Apart from the DROP statement, the standard way to fix Scalar UDFs is inlining. Inlining is sometimes referred to as a View with parameters.

Automatic Scalar UDF Inlining 🔗︎

If you are on SQL Server 2019 (Compatibility level 150), you have access to Scalar UDF Inlining - codename Froid.

The upside is that you don’t have to change the interface.
The downside is that it has 20+ requirements, as documented here

I’ve picked a few examples

The UDF doesn’t invoke any intrinsic function that is either time-dependent (such as GETDATE()) or has side effects 3 (such as NEWSEQUENTIALID())
The UDF doesn’t reference table variables or table-valued parameters.
The UDF isn’t used in a computed column or a check constraint definition.
The UDF doesn’t contain references to Common Table Expressions (CTEs)
The query invoking the UDF doesn’t have Common Table Expressions (CTEs)

Also, there is a list of fixed inlining bugs since its release. Unfortunately, it’s pretty long, which doesn’t inspire confidence.

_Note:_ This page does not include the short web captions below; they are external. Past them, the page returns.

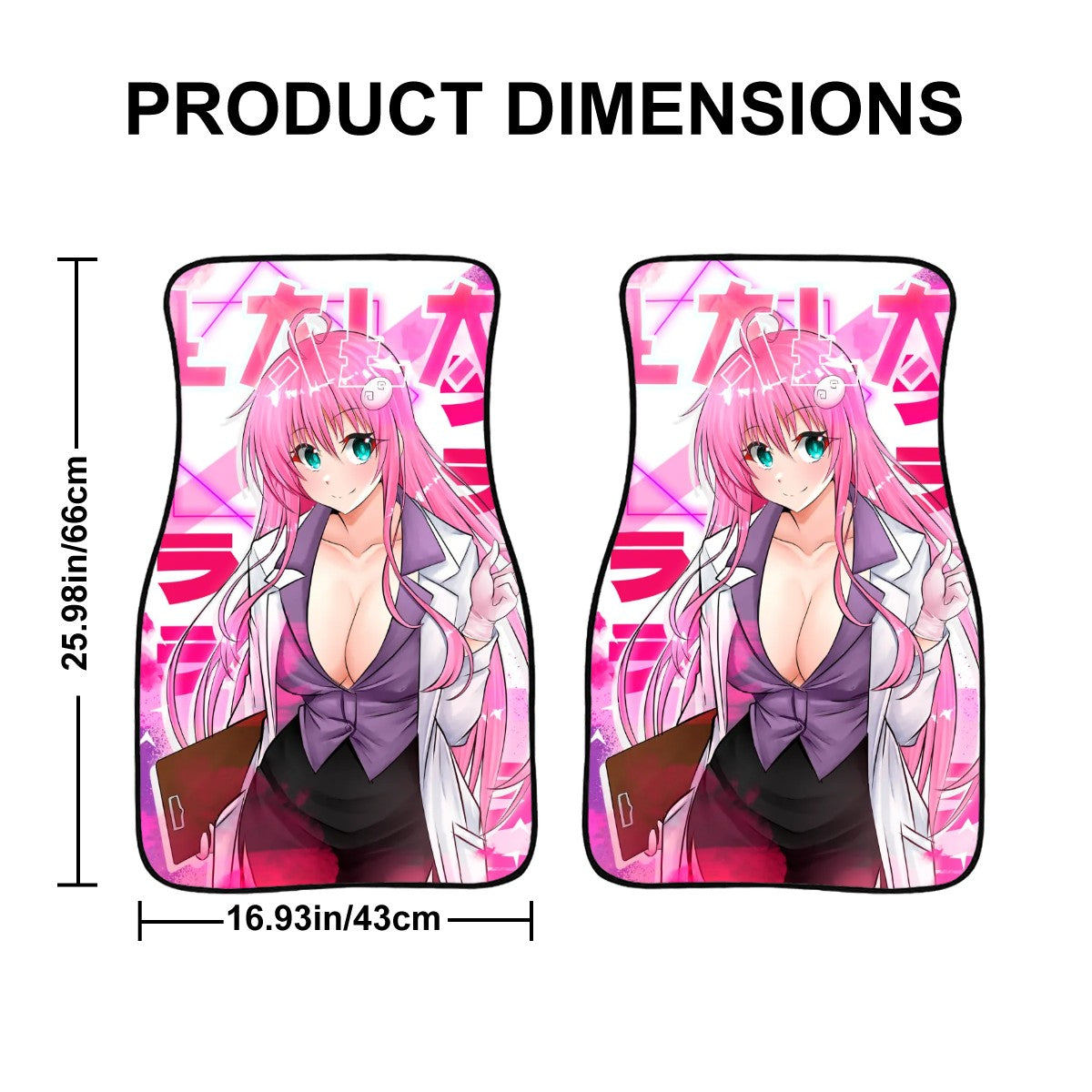 Lala Deviluke Nurse Car Floor Mats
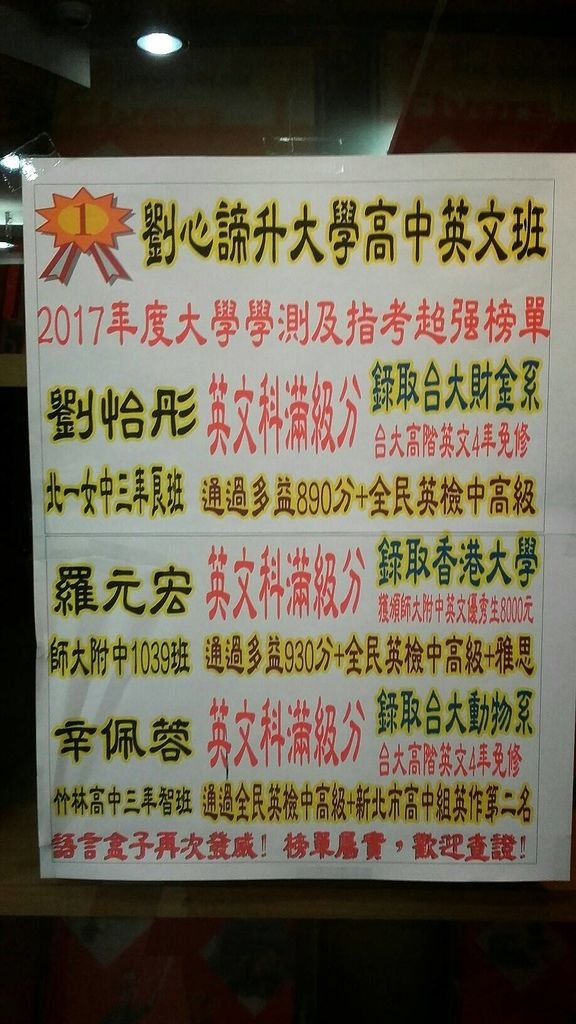 2017滿級分榜單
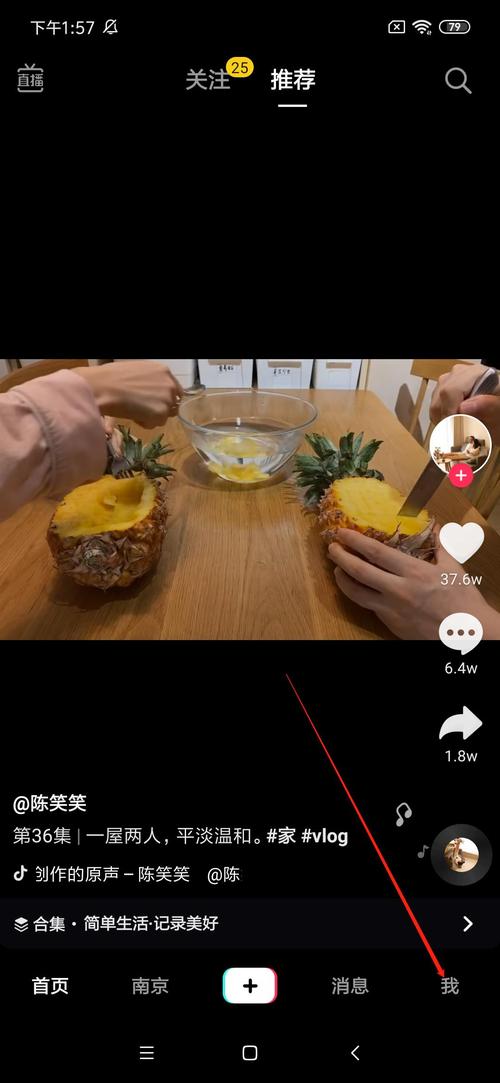 抖音直播_抖音时间锁密码找回方法_抖音时间限制取消设置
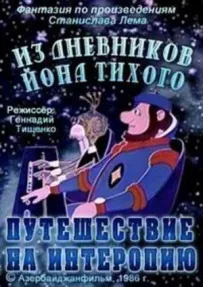 Зі щоденників Йона Тихого. Подорож на Інтеропію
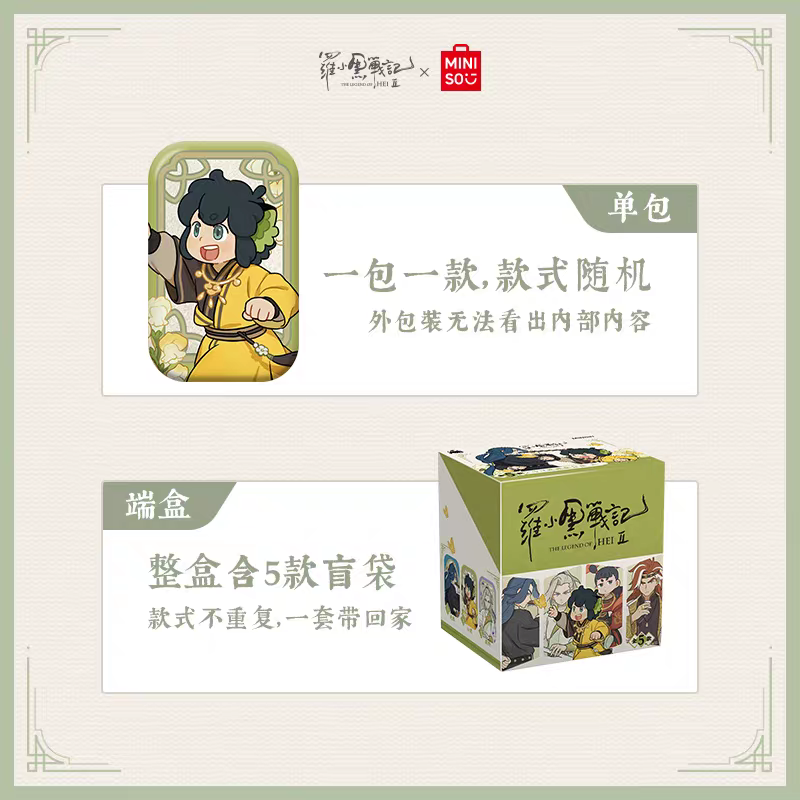 羅小黒戦記　miniso 缶バッジ　ピザハット　チケット風カード　無限　鹿野 羅小黒戦記 miniso 缶バッジ ピザハット チケット風カード 無限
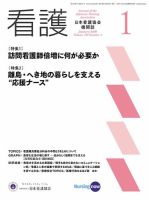 看護 2020年1月号 (発売日2019年12月20日) 表紙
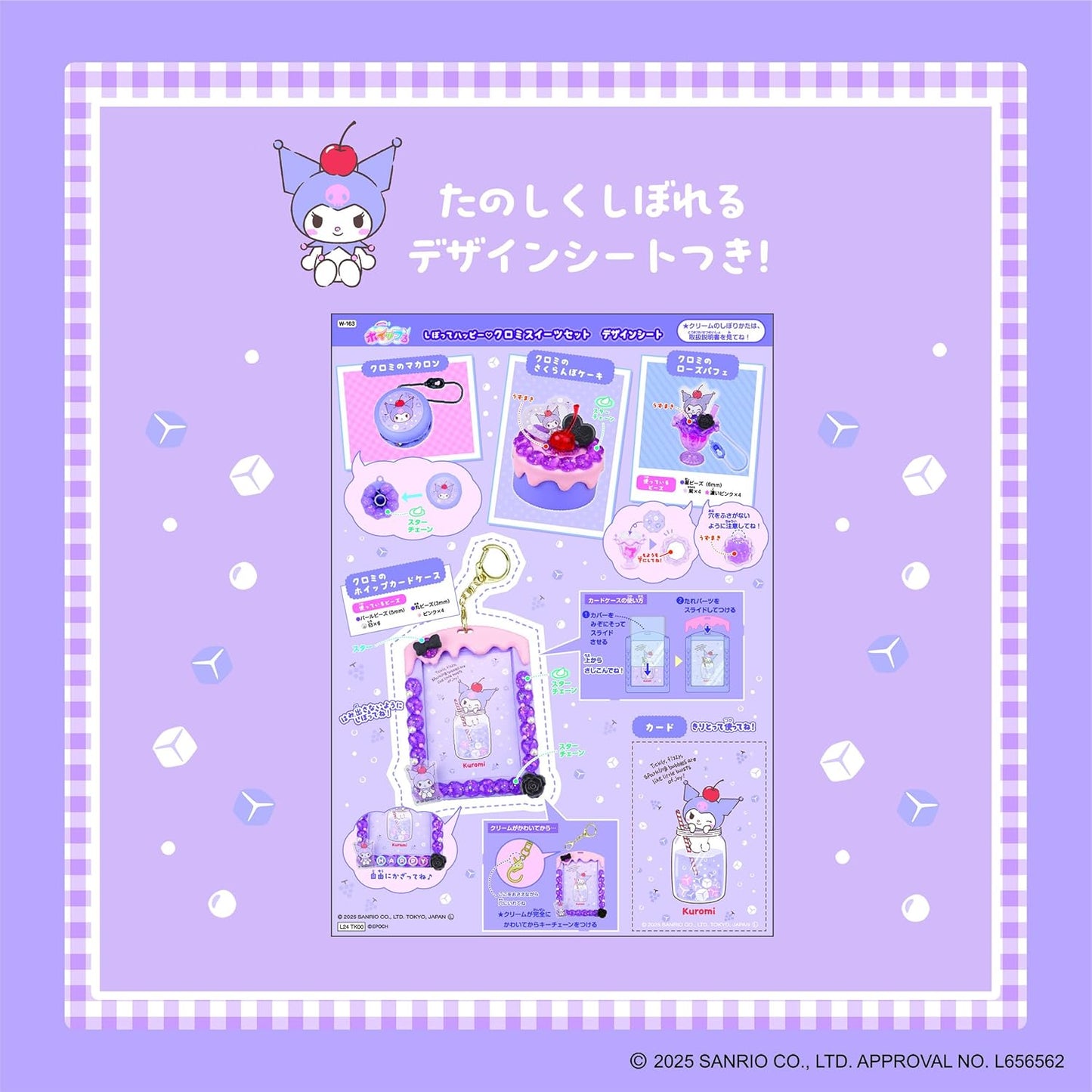 EPOCH - Whipple系列 Kuromi 主題DIY甜品吊飾玩具套裝 (W-163) 4905040323620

Let’s repeat the UDF function in a SELECT clause from Part 1

First, we need to reenable the Database scoped configuration and then run the code

USE ScalarFunction;
GO
ALTER DATABASE SCOPED CONFIGURATION SET TSQL_SCALAR_UDF_INLINING = ON
GO

SELECT TOP (10000)
    n.Id
    , n.Filler
    , dbo.DoNothing(n.Id) AS ScalarId
FROM dbo.Nums AS n
JOIN dbo.Nums AS n2
    ON n.Filler = n2.Filler
ORDER BY n.Id

Inlined actual plan showing parallelism

The previous plan for comparison

Actual execution plan that is not parallel

The actual execution plan XML also contains the attribute ContainsInlineScalarTsqlUdfs="true".

<QueryPlan 
    DegreeOfParallelism="4"
    MemoryGrant="403720"
    CachedPlanSize="64"
    CompileTime="4"
    CompileCPU="3"
    CompileMemory="504"
    ContainsInlineScalarTsqlUdfs="true"
>

Please note that every reference is evaluated separately based on context.
If I were to rewrite that query to use a CTE:

; -- Previous statement must be properly terminated
WITH cte
AS
(
    SELECT
        n.Id
        , n.Filler
    FROM dbo.Nums AS n
)
SELECT TOP (10000)
    n.Id
    , n.Filler
    , dbo.DoNothing(n.Id) AS ScalarId
FROM cte AS n
JOIN dbo.Nums AS n2
    ON n.Filler = n2.Filler
ORDER BY n.Id

Actual plan showing a query using a CTE, which prevents Scalar UDF Inlining

The query is not inlined because of the CTE requirement mentioned earlier. The same would apply to a CHECK constraint or a Computed column.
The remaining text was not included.